Ralf llenó los dos vasos.

—Simplemente por curiosidad, ¿cómo acabarías esta historia con el director?

—Citaría a Platón, ya que estaría ante un intelectual. Según él, al principio de la creación, los hombres y las mujeres no eran como son hoy; había sólo un ser, que era bajo, con un cuerpo y un cuello, pero cuya cabeza tenía dos caras, cada una mirando en una dirección. Era como si dos criaturas estuviesen pegadas por la espalda, con dos sexos opuestos, cuatro piernas, cuatro brazos.

»Los dioses griegos, sin embargo, eran celosos, y vieron que una criatura que tenía cuatro brazos trabajaba más, dos caras opuestas estaban siempre vigilantes y no podían ser atacadas a traición, cuatro piernas no exigían tanto esfuerzo para permanecer de pie o andar durante largos períodos. Y lo que era más peligroso: la criatura tenía dos sexos diferentes, no necesitaba a nadie más para seguir reproduciéndose en la tierra.

»Entonces dijo Zeus, el supremo señor del Olimpo: «Tengo un plan para hacer que estos mortales pierdan su fuerza».

»Y, con un rayo, partió a la criatura en dos, y así creó al hombre y a la mujer. Eso aumentó mucho la población del mundo, y al mismo tiempo desorientó y debilitó a los que en él habitaban, porque ahora tenían que buscar su parte perdida, abrazarla de nuevo, y en ese abrazo recuperar la antigua fuerza, la capacidad de evitar la traición, la resistencia para andar largos períodos y soportar el trabajo agotador. A ese abrazo donde los dos cuerpos se confunden de nuevo en uno lo llamamos sexo.

—¿Esa historia es cierta?

—Según Platón, el filósofo griego.

María lo miraba fascinada, y la experiencia de la noche anterior había desaparecido por completo. Ella veía a aquel hombre lleno de la misma «luz» que él había visto en ella, al contar aquella extraña historia con entusiasmo, con los ojos brillándole, ya no de deseo, sino de alegría.

—¿Puedo pedirte un favor?

Ralf respondió que podía pedirle cualquier cosa.

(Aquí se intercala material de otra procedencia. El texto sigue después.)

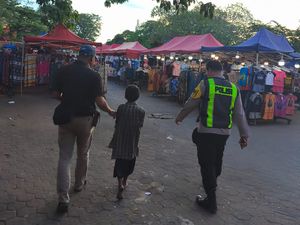 Anak Jalanan yang Ngelem di Jembatan Ampera Ditertibkan Polisi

—¿Puedes enterarte de por qué, después de que los dioses dividiesen a la criatura de cuatro piernas, algunas de ellas decidieron que ese abrazo podía ser simplemente una cosa, un negocio como otro cualquiera, que en vez de enriquecer, absorbe toda la energía de la gente?

—¿Te refieres a la prostitución?

—Eso. ¿Puedes enterarte de cuándo el sexo dejó de ser sagrado?

—Lo haré si quieres —respondió Ralf—. Pero nunca he pensado en ello, y no creo que nadie más lo haya hecho.

María no aguantó la presión:

—¿Y se te ha ocurrido pensar que las mujeres, principalmente las prostitutas, son capaces de amar?

—Sí, se me ha ocurrido. Se me ocurrió el primer día, cuando estábamos en la mesa del café, cuando vi tu luz. Entonces, cuando pensé en invitarte a un café, escogí creer en todo, incluso en la posibilidad de que tú me devolvieses al mundo de donde partí hace mucho tiempo.